Seventh Street (The River)
Each player receives a seventh and final card, dealt face down.  The player with the highest value exposed cards acts first followed by the final round of betting.  If more than one player remains after the betting is complete, the Showdown occurs.

The Showdown
If there is more than one remaining player after he final betting round, the last bettor/raiser shows their cards first. If there were no bets on the final round, the player in the earliest seat shows his or her cards first (Seat 1, then Seat 2, etc…). Hands in the Showdown are exposed clockwise around the table.

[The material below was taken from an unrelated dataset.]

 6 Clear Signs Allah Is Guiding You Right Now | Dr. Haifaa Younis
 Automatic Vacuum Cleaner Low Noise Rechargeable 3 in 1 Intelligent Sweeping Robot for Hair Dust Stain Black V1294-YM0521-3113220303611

The player with the best five-card poker hand wins the pot. In the event of identical hands, the pot is equally divided between the tied players.

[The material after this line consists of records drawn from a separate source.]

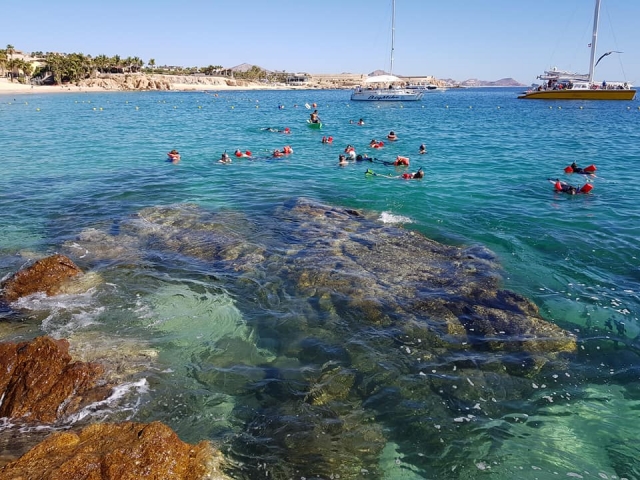 Snorkel en aguas cristalinas
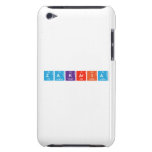 Zakaria  iPod Touch Cases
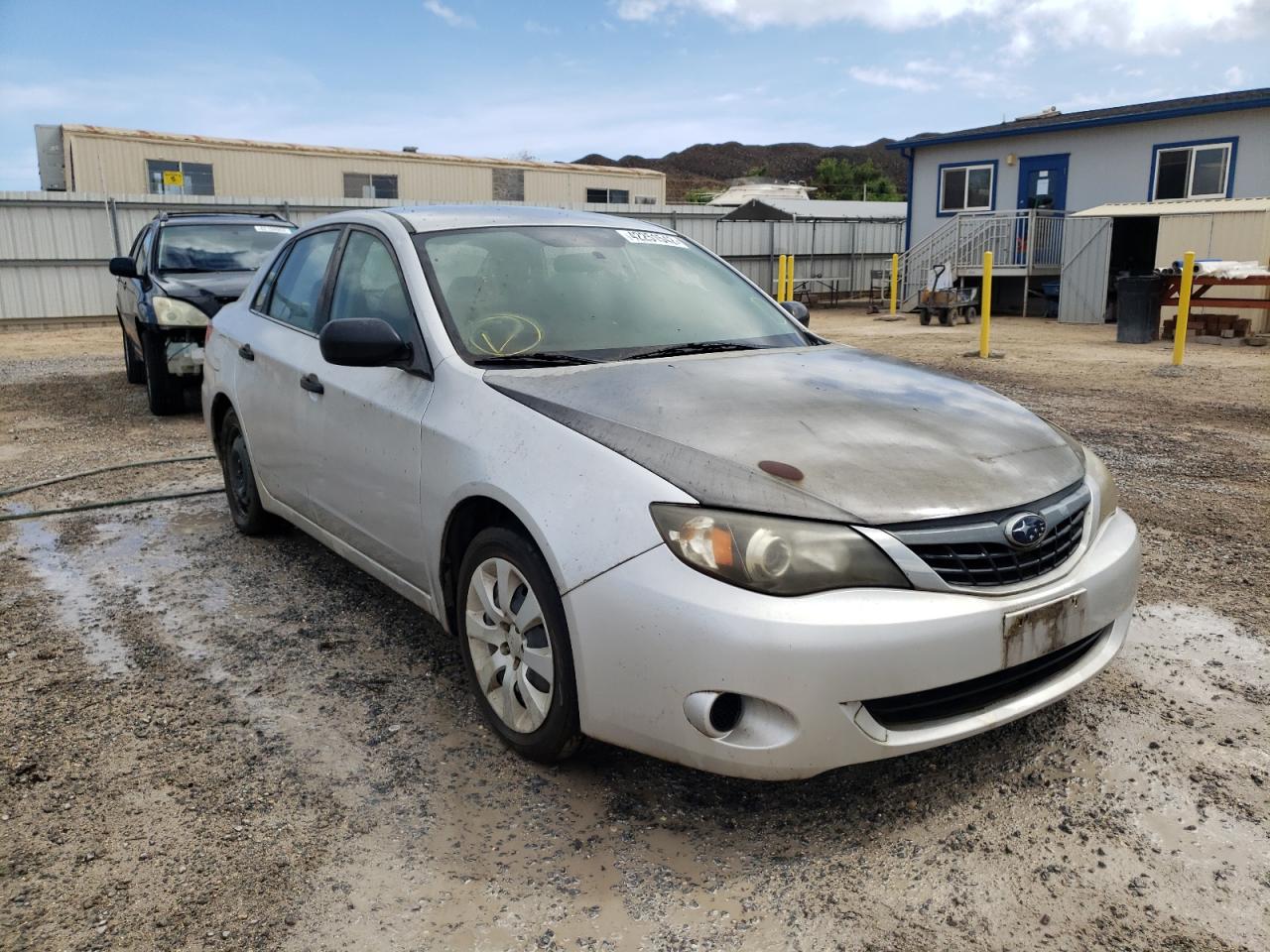 SUBARU IMPREZA 2008 with VIN JF1GE61698H520397 - Photo from auction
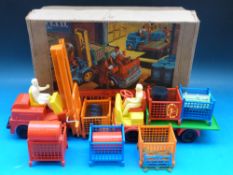 Tudor Rose mechanical handling set No 6401,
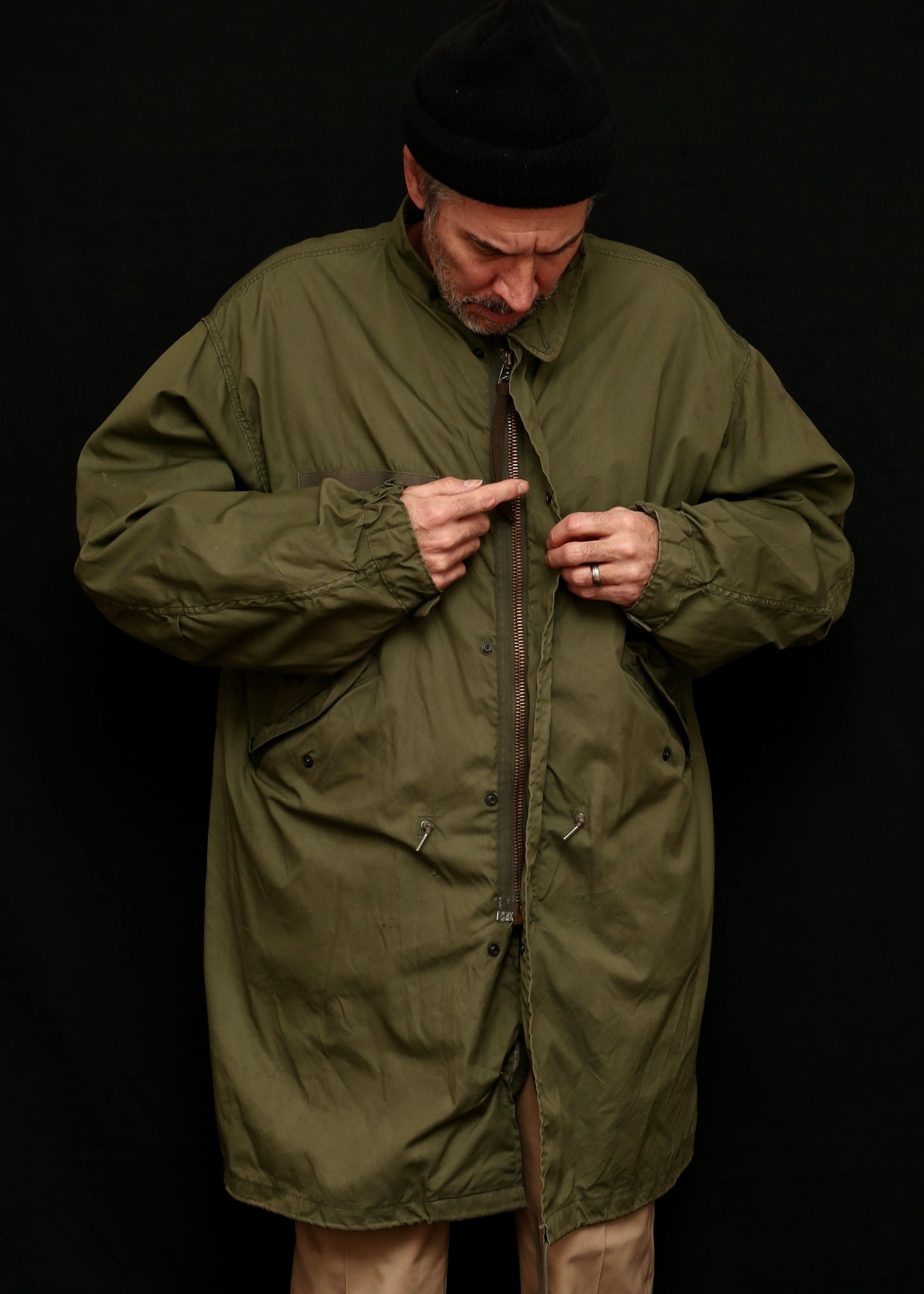 1950’s M-51 Military Fishtail Parka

Additional Stud Rules and Situations
  • In determining the player responsible for the bring-in, ties in card rank are broken by suit. The suits are ranked in alphabetical order – clubs (lowest), diamonds, hearts and spades (highest). The lowest suit breaks a tie.  Example: If the deuce of hearts and deuce of clubs are visible on Third Street, the deuce of clubs would have the bring-in. (Note: This rule is ONLY utilized for the Bring-In.  It is not utilized at Showdown or at any other point during the hand.)

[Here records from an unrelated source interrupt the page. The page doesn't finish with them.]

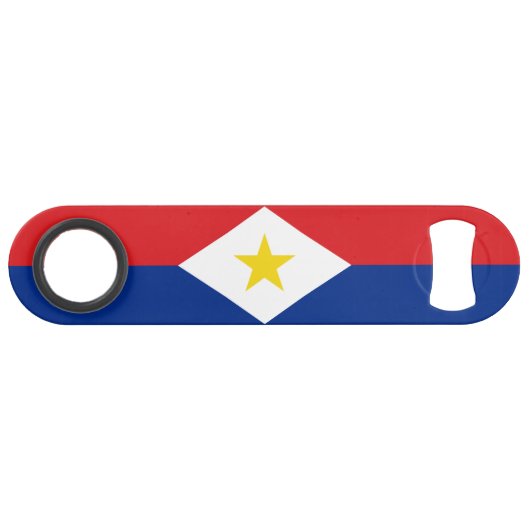 Drapeau de Saba (Devant (Horizontal))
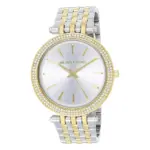 Michael Kors Darci Damklocka Silver/Guld Stål 39 mm - Bild 4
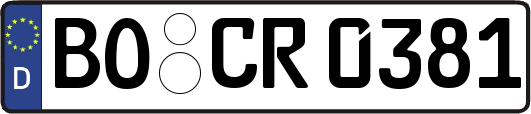 BO-CR0381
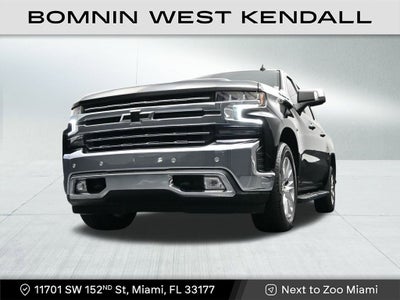 2022 Chevrolet Silverado 1500 LTD LTZ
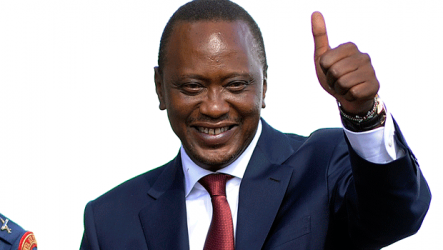 Kenya is a hotbed of vibrant culture, Uhuru tells GES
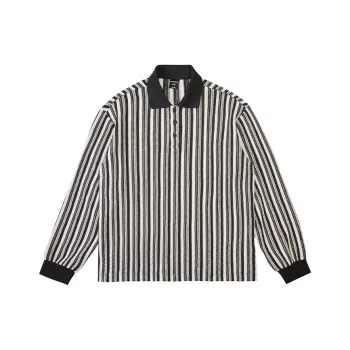 WAYNEXZAVIER Sweatshirts Men Black Apricot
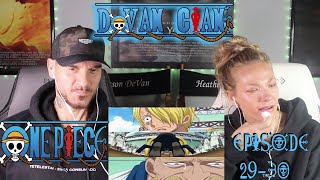 One Piece 2930  THIS ALMOST BROKE US  Sanji joins Luffy  REACTIONREVIEW [upl. by Seiuqram654]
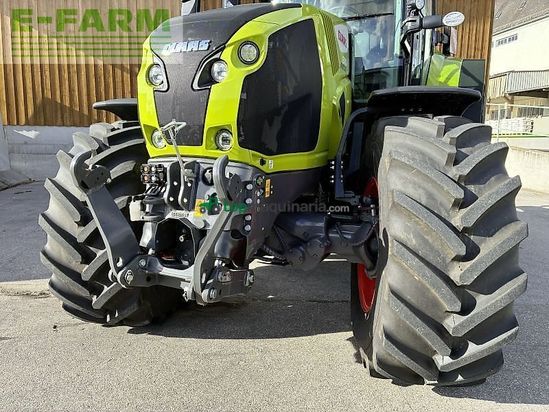 Tractor agrícola - Claas - axion 870 cmatic cebis cemis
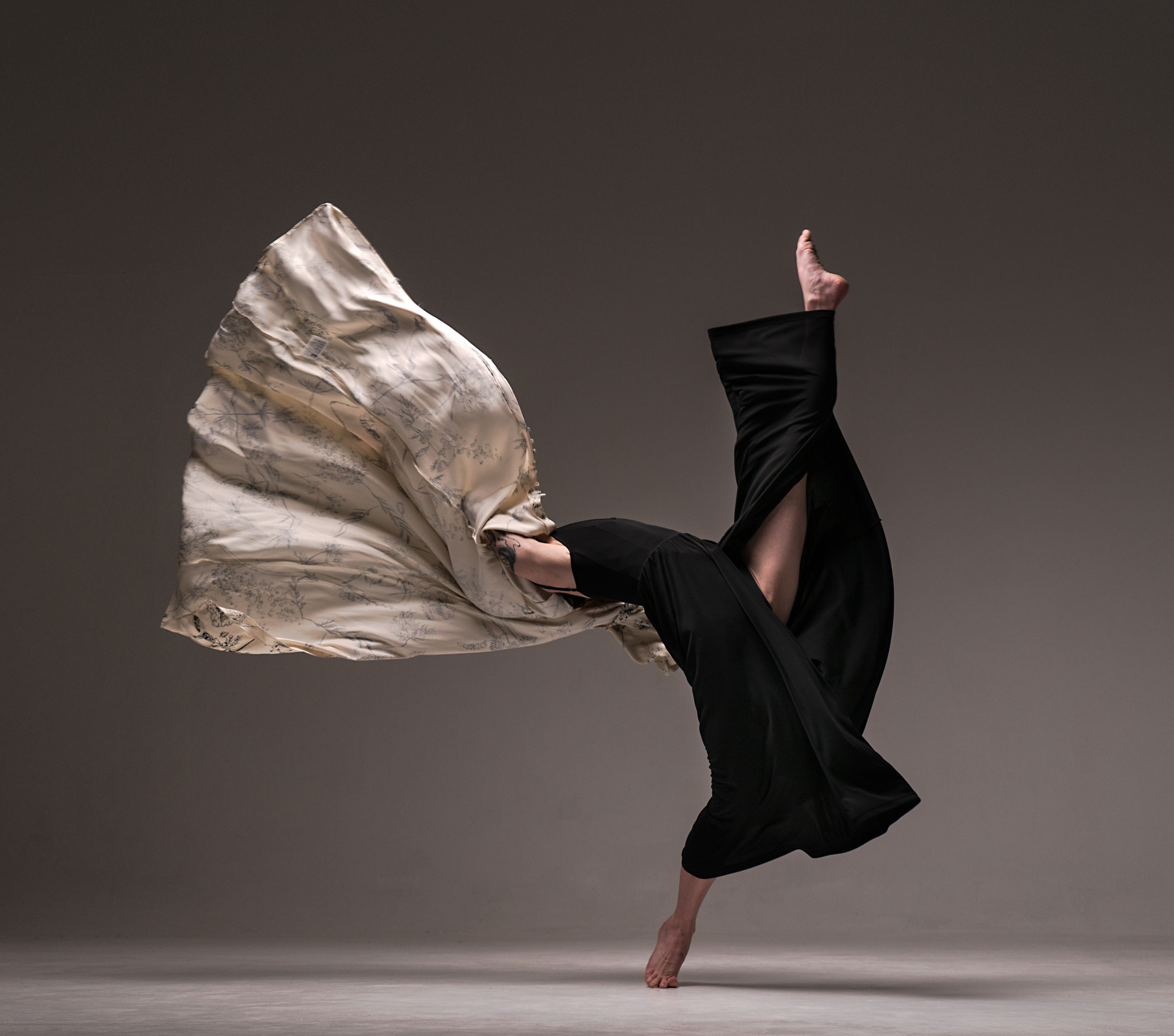 Танцевальная фотосессия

  • If the player with the lowest card showing on Third Street is all-in for the ante and unable to make the required Bring-In bet, the Bring-In moves clockwise to the next player at the table, regardless of the value of that player’s exposed card.
  • On Fourth Street, if any player shows a pair, the betting can optionally be opened or raised for one big bet (for example, $4 in a $2/$4 game). Once someone makes the “big bet” in this situation, the bigger bet amount continues for the remainder of the Fourth Street betting.
  • Because Stud games are played with eight players and a 52 card deck, it is possible (albeit rare) to run out of cards before Seventh Street can be dealt. In this instance, a single card will be dealt face-up on the table and shared as a “community” card among all remaining players.